**Problem details**
Provide a verbatim copy of all the records below, leaving the images out.

**Information provided**
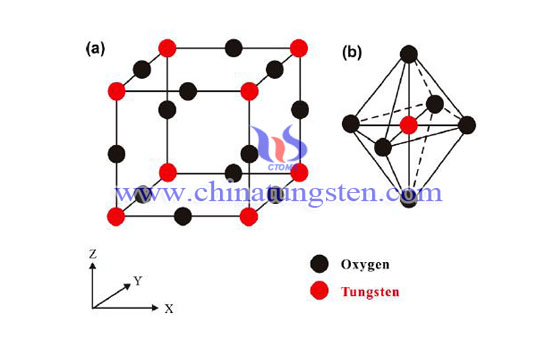 Pictiúr struchtúr octahedral WO3
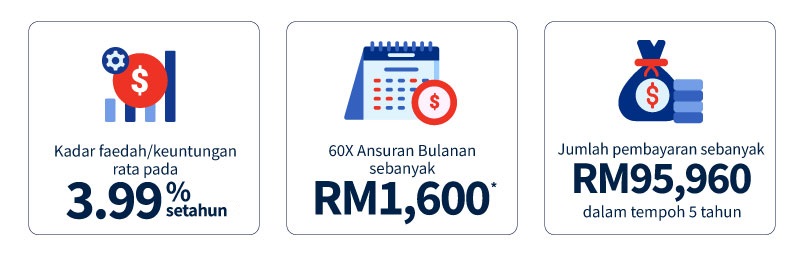Ilustrasi Ansuran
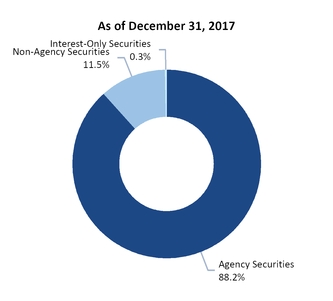 arrq120171_chart-31505a04.jpg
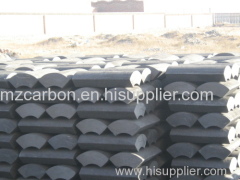 graphite anode to sales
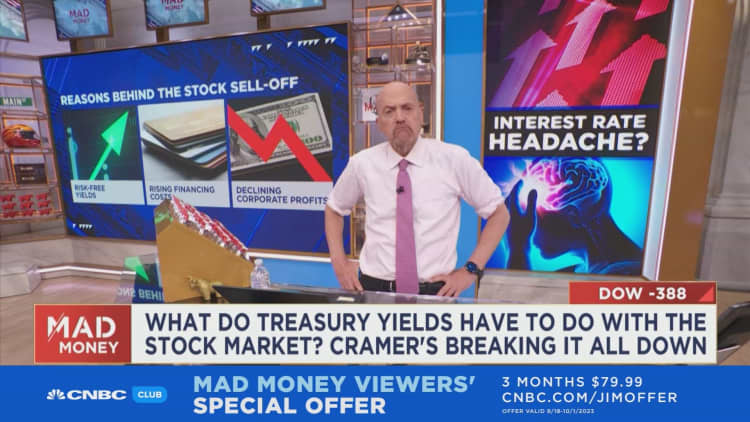 There's plenty of reasons to own stocks here, says Jim Cramer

**Exercise response**
 Pictiúr struchtúr octahedral WO3
Ilustrasi Ansuran
 arrq120171_chart-31505a04.jpg
 graphite anode to sales
 There's plenty of reasons to own stocks here, says Jim Cramer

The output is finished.